At this point in my life, the gimme-a-damn-baby stage, one might assume I’d be thrilled to miss a period — oooOOOooohhh, maybe I’m pregnant! But no. Now it’s got me paranoid. I have no idea what cycle day I am because I started taking the BCP sometime in the middle of my last cycle, then it overlapped a bit with Lupron, which is meant to suppress everything before I begin my artificial Day 0 and Day 1 that leads into my IVF round.

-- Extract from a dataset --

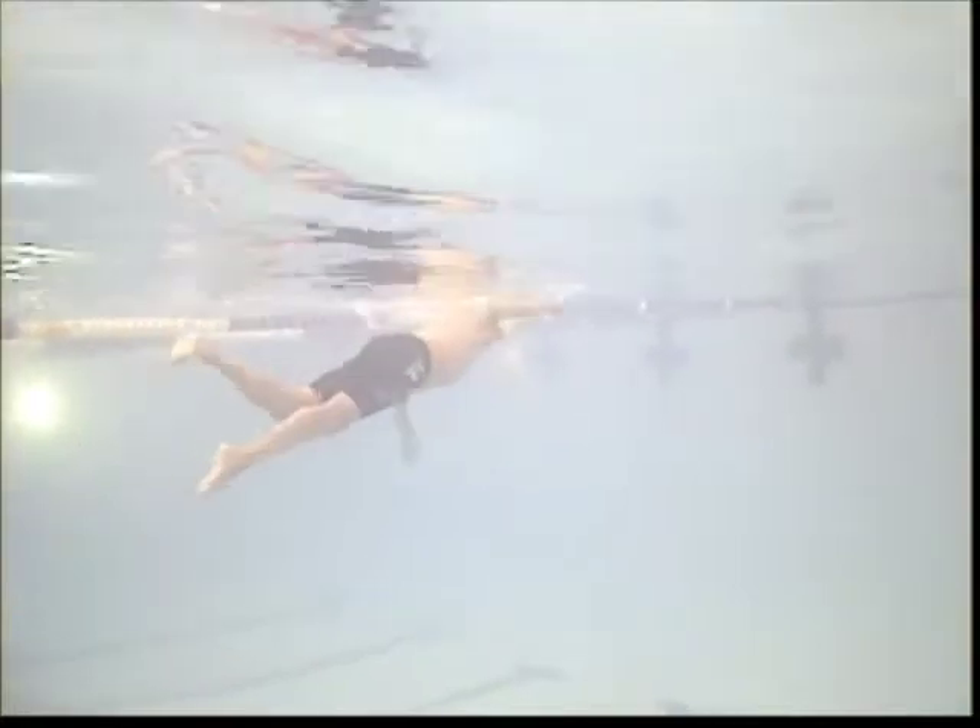It's real important — try to tilt your chin down just a little bit, just a degree or two, so you're looking closer to the bottom of the water.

The point is: I was told that I’d have a period while on Lupron, and I haven’t. It’s worse than being told there are loot bags coming at the end of a party and then realizing it was all a lie. A horrible, vicious lie. In any case, I phoned the nurse and she said not to freak out if I don’t have a period, and also not freak out if I do. Translation: “Don’t call us, we’ll call you.” I’m trying not to worry, but I was under the impression that bleeding was sort of necessary because I’d need to clear out the “stale” lining from last cycle before I build up a nice new lining for my prospective tenant, Mr. Blastocyst.
Further paranoia stems from the fact that I respond like crazy to any and all fertility meds, so now I’m convinced the Lupron has over-suppressed me and my ovaries have gone into Sleeping Beauty mode and won’t wake up until the endocrinology prince comes along and punches them in the face (let’s be honest, kisses do nothing).
Does anyone with Lupron experience have any words of wisdom? I haven’t had ANY side effects so far, except for this anxiety, but I’m just waiting for something else to hit me — like a hot flash, or night sweats, or a swarm of flying monkeys… you know.